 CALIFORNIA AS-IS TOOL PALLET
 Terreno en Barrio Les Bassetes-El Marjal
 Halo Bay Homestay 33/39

·····

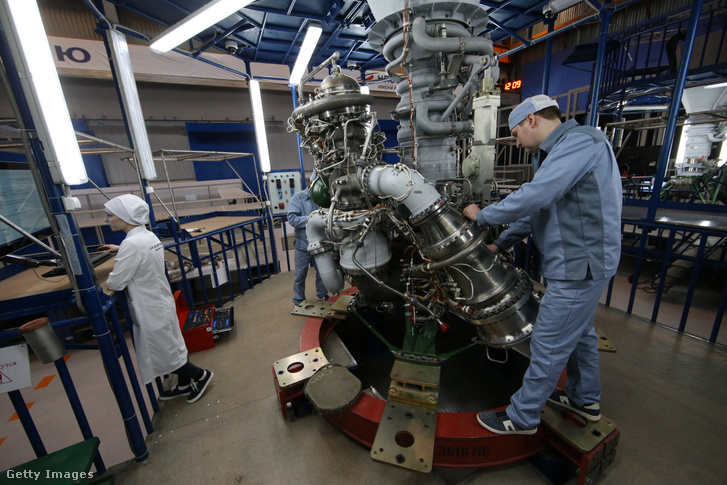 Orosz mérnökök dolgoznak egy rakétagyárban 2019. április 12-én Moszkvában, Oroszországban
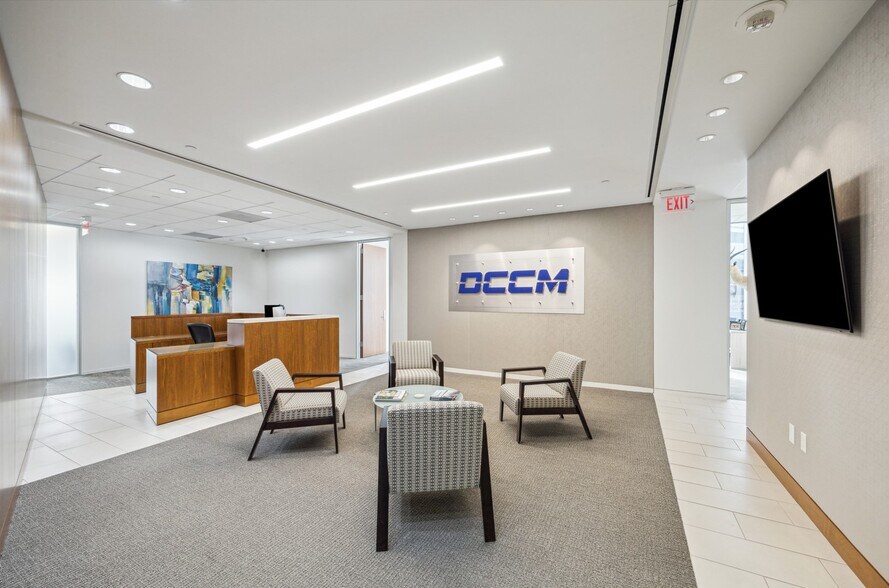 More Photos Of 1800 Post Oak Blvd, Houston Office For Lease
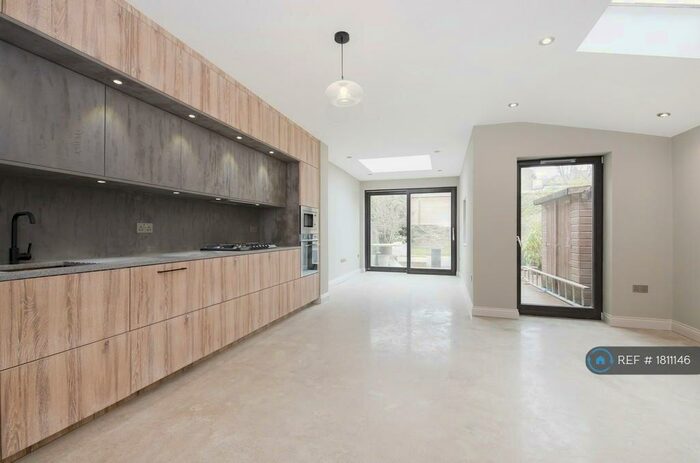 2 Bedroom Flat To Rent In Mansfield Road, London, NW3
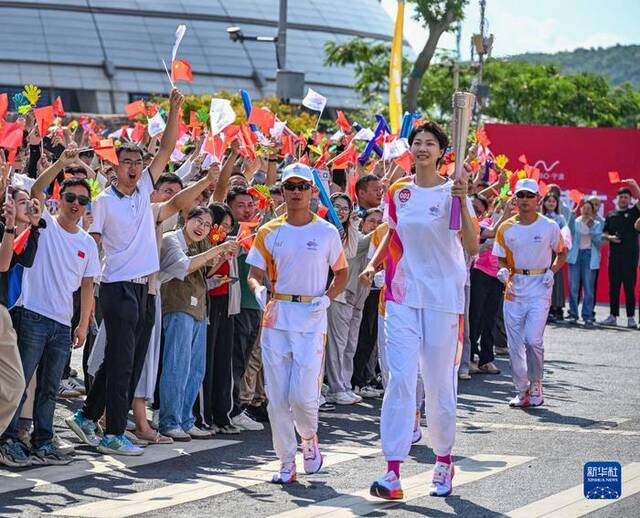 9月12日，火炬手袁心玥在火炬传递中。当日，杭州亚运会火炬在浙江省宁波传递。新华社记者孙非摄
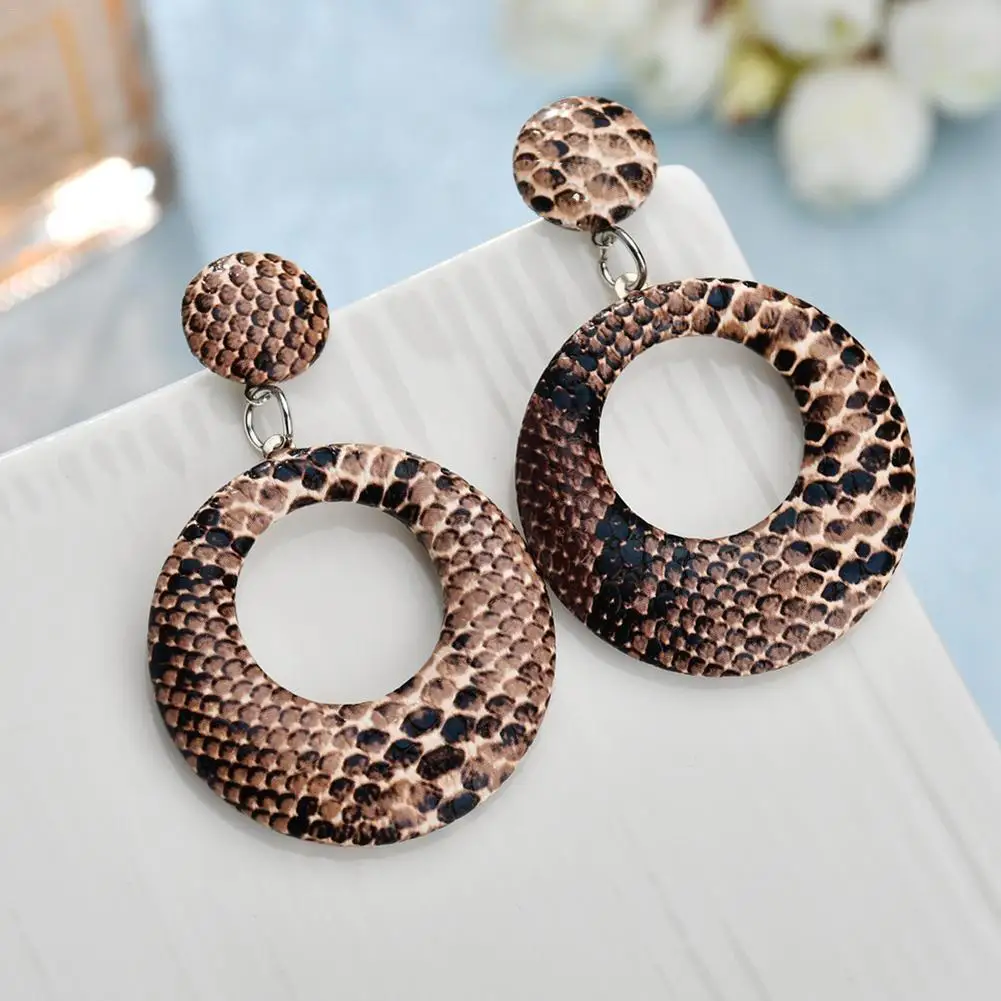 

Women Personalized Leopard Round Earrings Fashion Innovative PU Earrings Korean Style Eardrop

·····

** Directions **
The stretch above running from the line with "Orosz mérnökök dolgoznak" through the line with "Women Personalized Leopard" is all you should copy, exactly, leaving out the pictures.

** Output for this exercise **
 Orosz mérnökök dolgoznak egy rakétagyárban 2019. április 12-én Moszkvában, Oroszországban
 More Photos Of 1800 Post Oak Blvd, Houston Office For Lease
 2 Bedroom Flat To Rent In Mansfield Road, London, NW3
 9月12日，火炬手袁心玥在火炬传递中。当日，杭州亚运会火炬在浙江省宁波传递。新华社记者孙非摄

Women Personalized Leopard Round Earrings Fashion Innovative PU Earrings Korean Style Eardrop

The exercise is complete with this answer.